Figure 4: Brand Reality Map

It might be possible to improve your brand’s perception over the reality with extensive marketing campaigns, but there is a danger that this will lead to a loss of customer trust as they experience the reality of poor customer service and incomplete coverage. 

This demonstrates that:

  • brand perception does not necessarily relate to reality 
  • your brand positioning goals can be unrealistic
  • some perception gaps are just too big to be closed with marketing alone

Having a Brand Reality Map can be a useful check on your brand aspirations and can help sound an early warning on things like customer service – giving you time to address the issue before your brand perception suffers.

Bear in mind only certain attributes can be mapped in this way. 

Maps, not Map

Another potential confusion is that there is very rarely just one brand positioning map. There’s likely to be a set of maps showing your perceived and targeted brand position across a number of attributes. 

How to create Brand Positioning Maps

From your business strategy, you need to identify the key attributes that you want your brand to be known for.

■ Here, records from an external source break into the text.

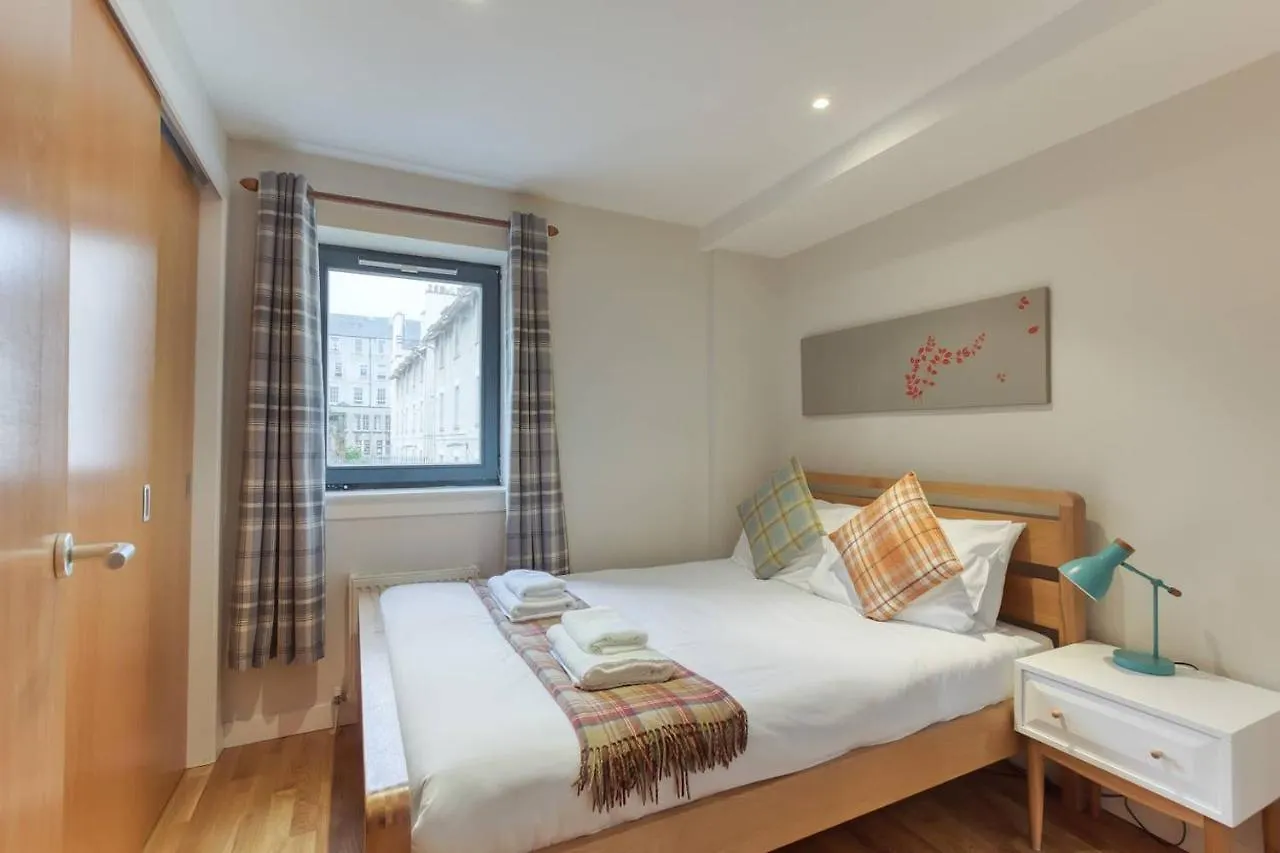 *Amazing Location!*In Heart Of The City. 2Br & Cot Edinburgh 0*,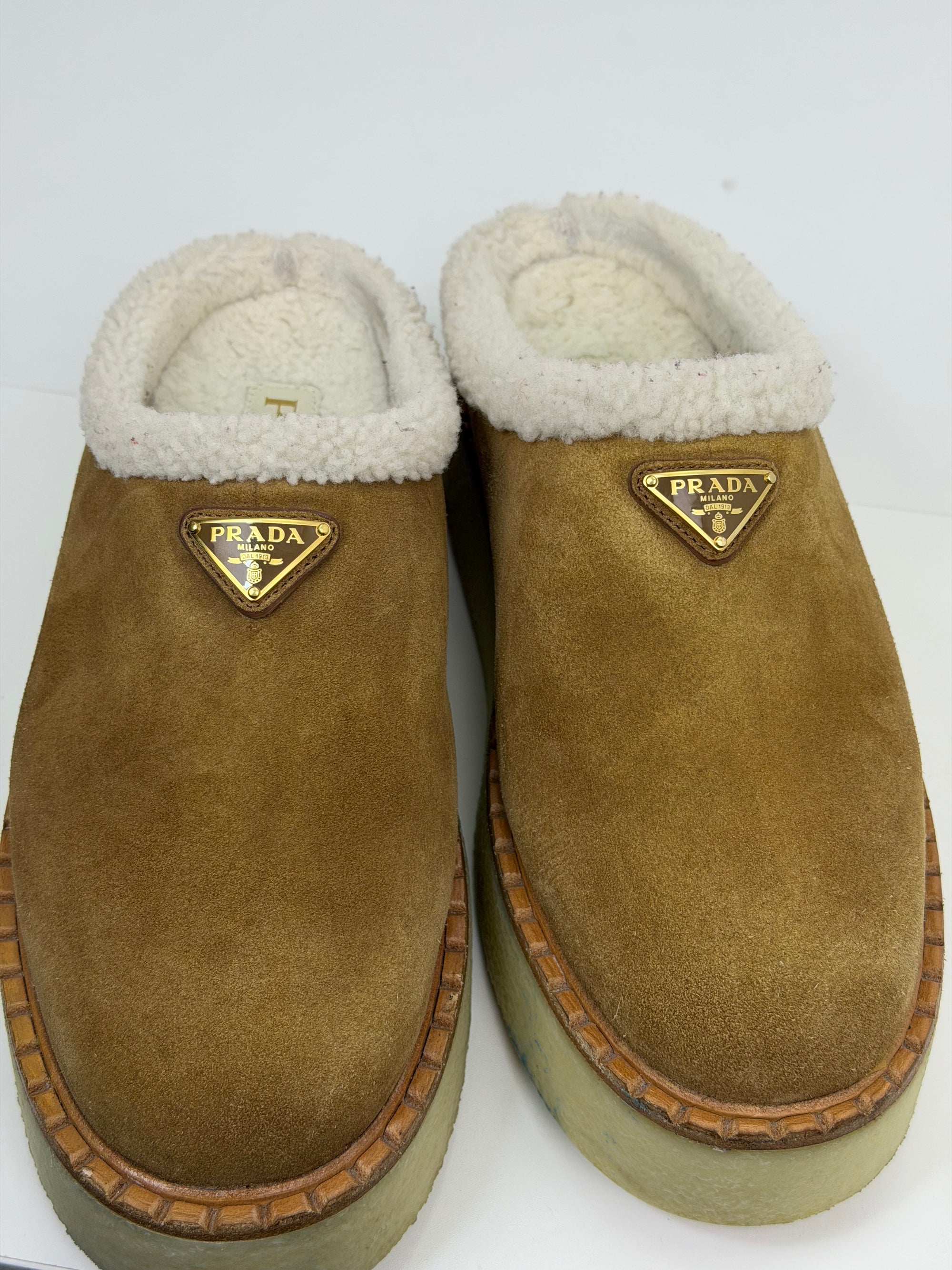 Prada Size 37.5 marrone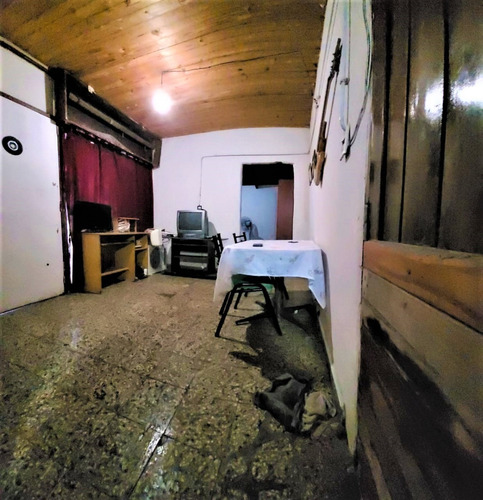 Venta - Casa A Refaccionar-peru 1200-merlo Sur - Usd 50.000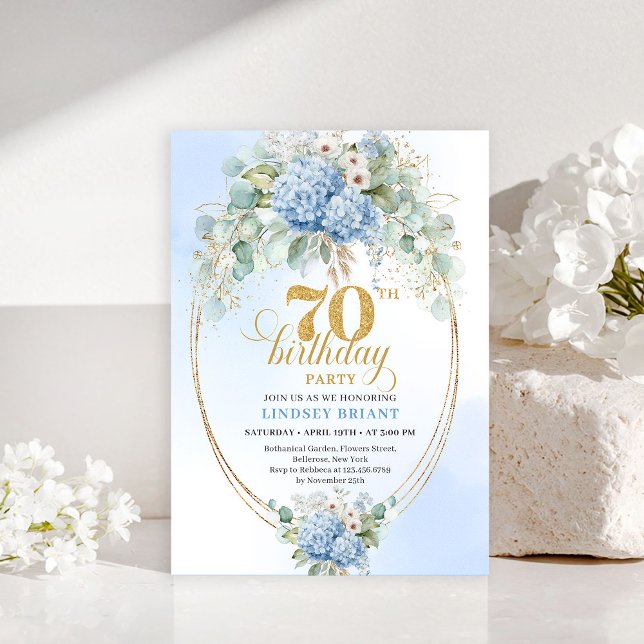 Invitation élégante de 70e anniversaire Fleurs pas (Elegant 70th Birthday Pastel Blue Floral Invitation)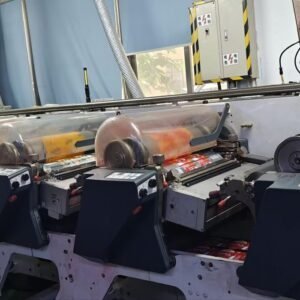 System utwardzania UV w maszynach OMET – precyzja i stabilność koloru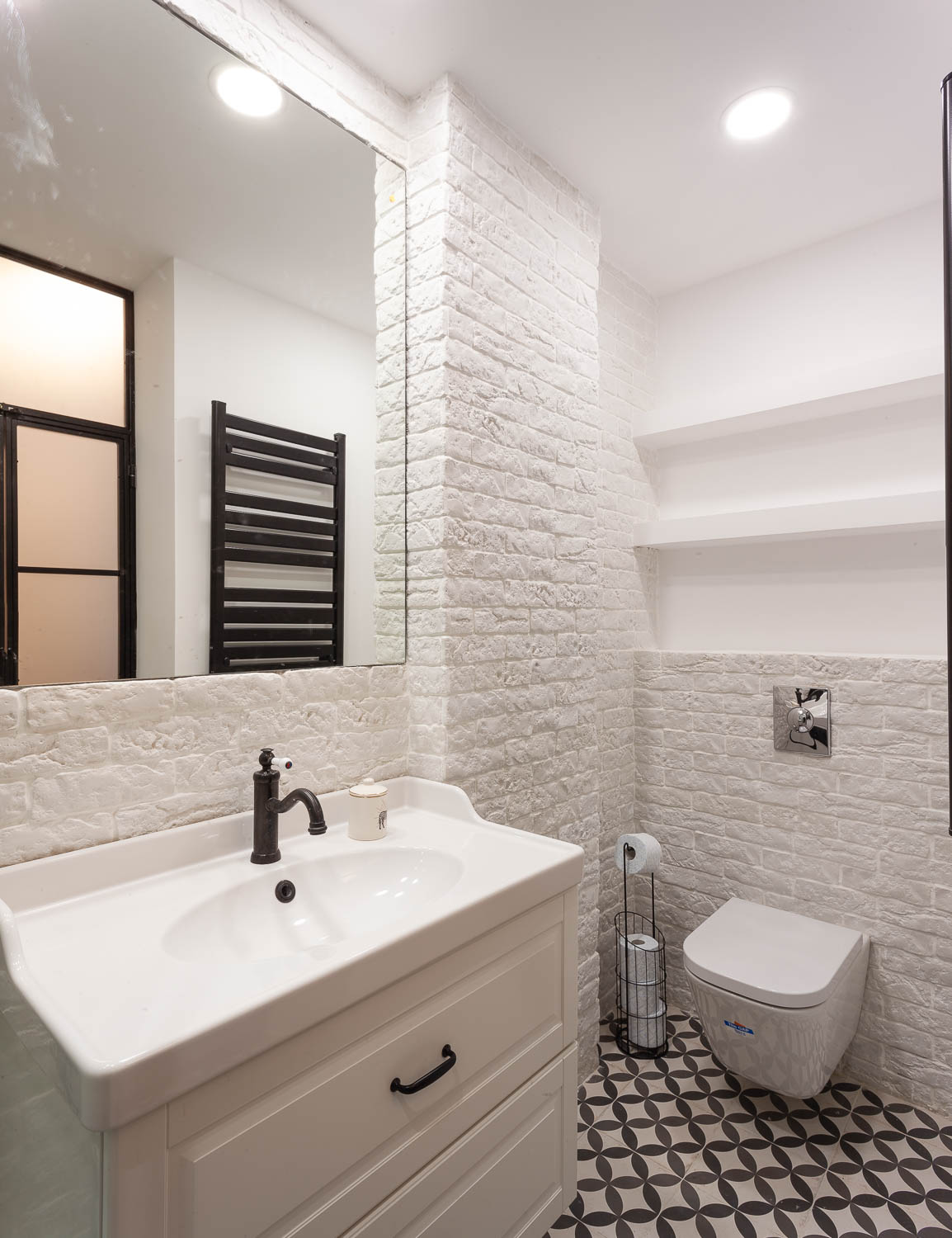 Baño remodelado por Casas AB.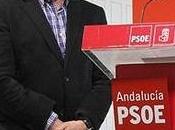 Dimite sentirse “útil”.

These might be based on actual capabilities – you have specialist production lines that can produce products cheaper than anyone else, so that becomes a key attribute for example, or they could be based on aspirations – you may want your brand to be seen as the greenest on the market, even though your current perception in this area is average. 

You will want to focus on those attributes that make a difference to the buyer, those attributes that they are looking for and value when making a purchasing decision.

That’s not to say you can’t educate your market if you feel an undervalued attribute is actually important and should be highlighted more (especially if that is something you excel at).

Unfortunately, there is no list of definitive attribute pairs you should be using on your brand positioning maps, as these attributes will be unique to the market you are in and your brand.

You then need to pair these attributes up in a logical way and these pairs will become the axes of your brand positioning maps. 

From customer research and existing data, you will plot your current position on these axes, giving you your audience’s perception of your brand. You can then add where you want to be on those axes.

You would want to add in your competitors’ data too. 

And like many types of analysis and planning, you would want to repeat the exercise on a regular basis so you can see how perceptions may be changing and how you are progressing towards your ideal brand position.

What do they tell you?

These maps can help you in a number of areas.

  • They help monitor the perception gap between an audience’s perception of your brand and what you would like that perception to be. Over time, they can show you just how well your marketing is doing in closing that gap.
  • They can help uncover areas where you didn’t know you were strong in the eyes of your audience.
  • They can show you where your competitors stand.
  • If there are many competitors all fighting over the same attribute, you may want to consider highlighting niche areas, or areas where you know you are strong, with your marketing.
  • If the gap between your brand’s perception and where you want to be is too large, then you may want to reassess your goals and strategy to be more realistic.

How to use it to position yourself in the market

Using the brand positioning map, you can:

  • Spot potential gaps in the market and then position your brand to take advantage of those. 
  • Identify areas where you are strong and areas where you are weak, allowing you to position your brand to make the most of your strengths.
  • See how much work there is to get you to the brand position you want to be in, versus where you are now.
  • Highlight unrealistic brand positioning. 
  • Identify areas where competitors are weak so that you can target them in those areas.
  • Monitor progress towards your ideal brand position.

Conclusion

A Brand Positioning Map is a useful visual model that helps with your strategic marketing decisions. It can help you plan a strong brand positioning strategy that will resonate with selected target markets.  Ultimately, it can help you out manoeuvre competing brands in the bid for relevance and attention.